La referencia es obvia en el contexto local: a quien cuestiona a César Duarte le sacan la historia de sus parientes, despojándose éste de la obligación de ajustar su discurso a lo mejor que la ley nos da, al prohibir la trascendencia de las penas. Pero qué se puede pedir a quien aparte de todo no tiene una formación en la disciplina del Derecho. No ignoro que en todas estas cosas hay pasión, pero en mérito de darle una oportunidad al Derecho, debe haber auto contención en todos, para no hacer distingo. Y pongo un ejemplo de lo que es esto: luego de la reciente comparecencia de César Duarte en el Senado, una mano que se pretende amiga me hizo llegar un expediente de un hijo de la senadora Graciela Ortiz por actividades conexas a la comercialización de drogas en los Estados Unidos, como para que se pusieran tablas los denuestos de Duarte de todos conocidos; pero es obvio que lo que hizo el hijo no le alcanza como estigma a la madre, la cual se puede cuestionar en la arena política y con seriedad por su menos que mediocre desempeño como legisladora y también por sus compromisos con las tiranías chihuahuenses a lo largo de más de una década, como para hacerla indigna de llegar a ocupar la gubernatura del estado de Chihuahua. En otras palabras, por aprecio al Derecho, pues ella es la madre y el hijo le dio la desventura y la desdicha, pero no la trascendencia de la pena.

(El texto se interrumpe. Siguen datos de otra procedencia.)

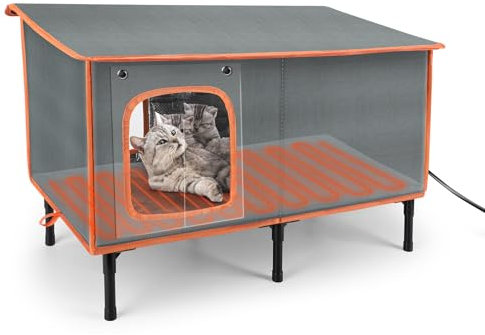 SIWA MARY Heated Cat House for Outside in Winter, Weatherproof Outdoor Cat House with Cat Heating Pad, Waterproof &Safe Escape Door, Insulated Cat Shelter with Heater for Feral Barn Cats Kitty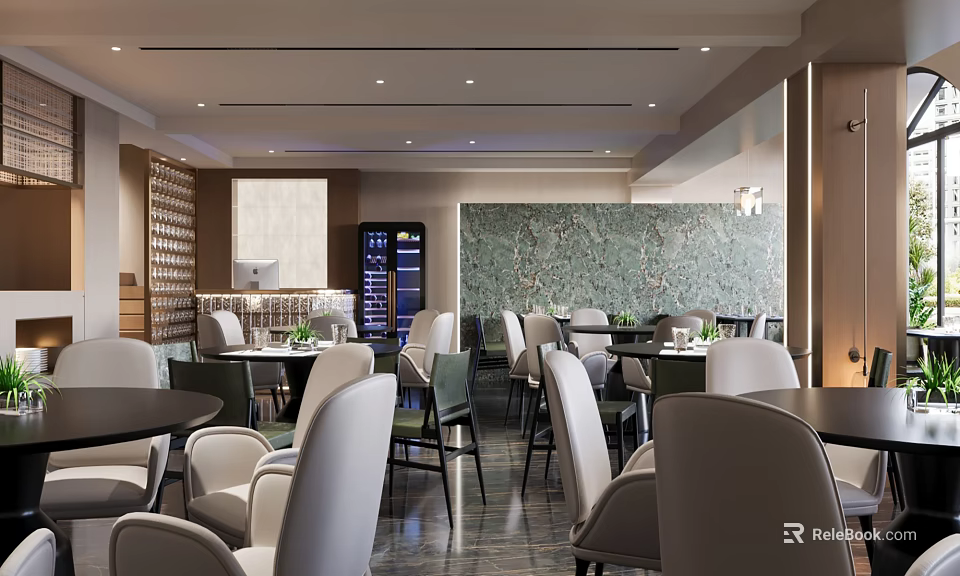 Modern Elegant Restaurant Interior Design Featuring Green Wall Lighting And Comfortable Dining Chairs Tables 3d model 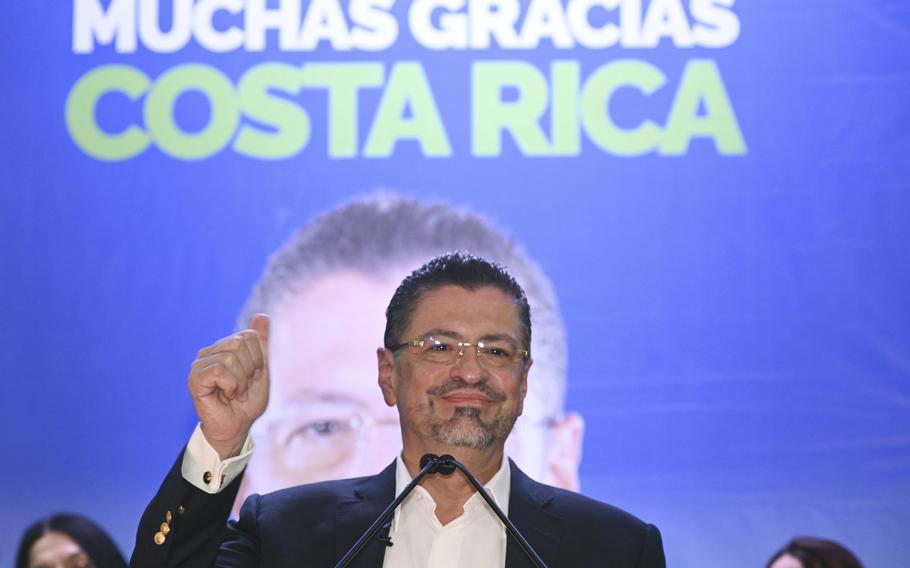 Costa Rica’s former finance minister Rodrigo Chaves speaks to supporters at his headquarters in San Jose, Costa Rica, after winning a presidential runoff election, Sunday, April 3, 2022. Chaves has begun a four-year term as Costa Rica’s new president on Sunday, May 8, taking office with a lengthy list of reproaches for his predecessor and the country’s political class while promising great change.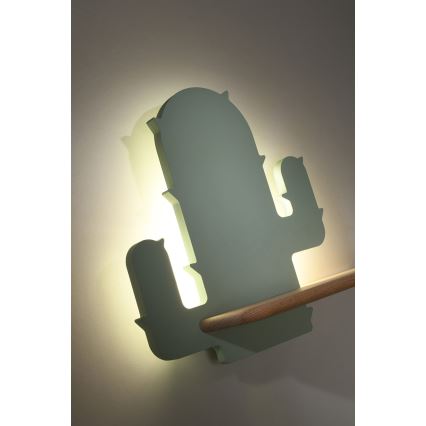 LED vägglampa med hylla för barn CACTUS LED/4W/230V grön/trä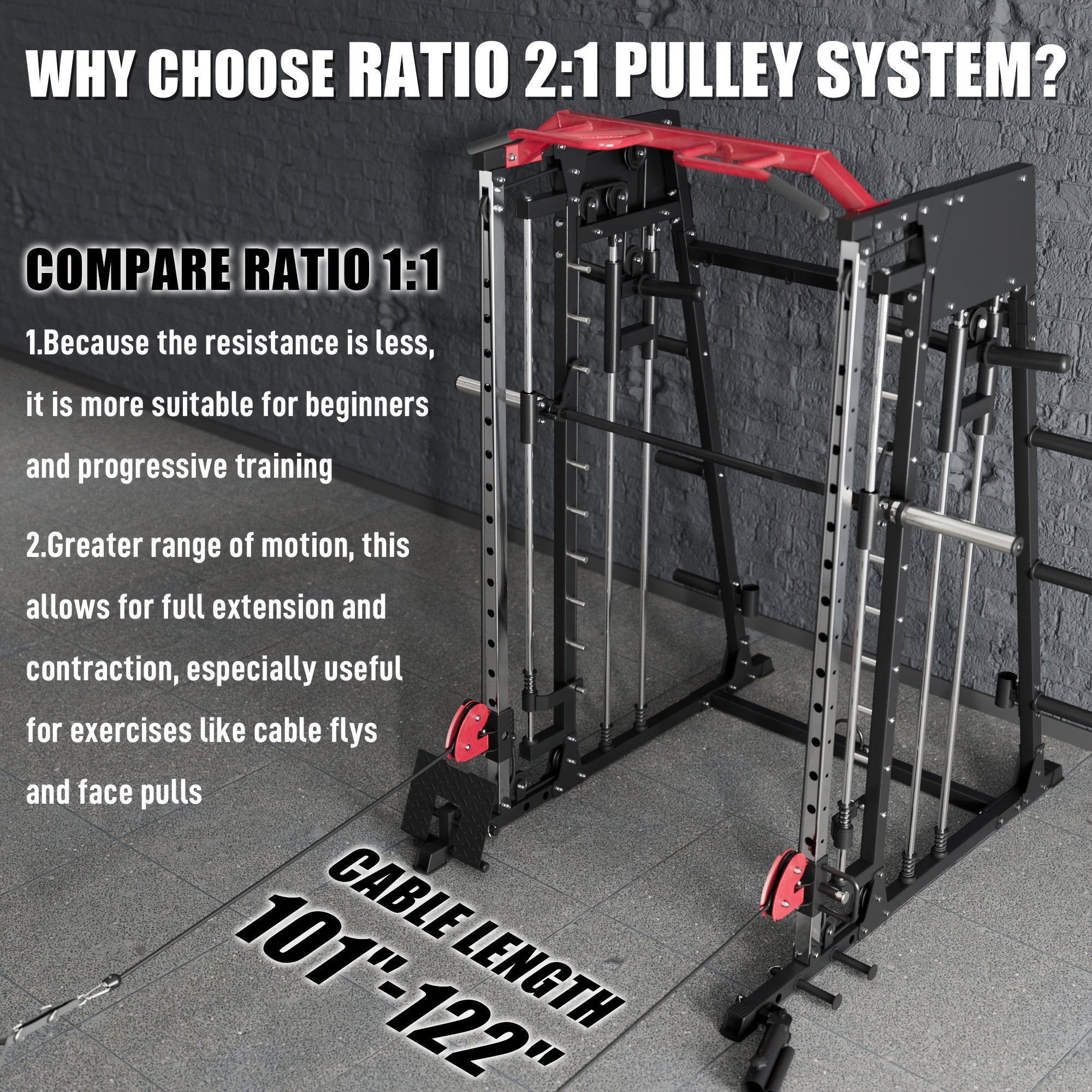 2200lbs All-in-1 Smith Machine Home Gym with LAT-Pull Down System & Cable Crossover, 360° Landmine, Weight Bar & Barbell Holders, 40+ Free Weight Exercises, Space-Saving Power Rack Cage for Total Body Strength Training (Red/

Finalmente, y ya para hablar de cosas que tienen una mejor miga, están los recientes sucesos del 28 de febrero, cuando el gobierno del estado y del municipio de Chihuahua atacaron una manifestación pública en la que, por donde se le quiera ver, desde la óptica del Derecho, hay faltas evidentes. Incluso se van a denunciar ante las autoridades competentes, y en particular las que tienen que ver con la vigencia de los derechos humanos. Pues bien, cuando estos temas fueron cuestionados al gobernador, los despreció como si hubiera sido un hecho acaecido en algún herradero de uno de sus ranchos, se comportó salinista y casi dijo ni los veo, ni los oigo; luego, el Derecho me vale. Si nos trasladamos con ese mismo suceso al seno del Cabildo que preside Javier Garfio, vemos a éste dar sobradas muestras de su memez y su actitud burlona. Casi casi como diciendo: en mi cortijo hago lo que me viene en gana. O sea, el Derecho no me importa. Y resulta una desmesura, por decir lo menos, o una atrocidad, por decir un poco más, que el secretario del ayuntamiento, Santiago de la Peña, nos saque como argumento la peregrina idea de que el ejercicio de las libertades conexas a la manifestación pública están sujetas a permiso. O sea, a la petición y obsequiosidad de los autoritarios para poder disentir y cuestionarlos con la Constitución en la mano.

Todo este manojo de funcionarios todavía está en aquella fase del acátese pero no se cumpla. Están a muchos años de que el Derecho se dé a luz en esta república, tan necesitada de que las leyes se cumplan. Mientras tal cosa no suceda, las desgracias seguirán acompañándonos. Y de ahí a la barbarie, un paso.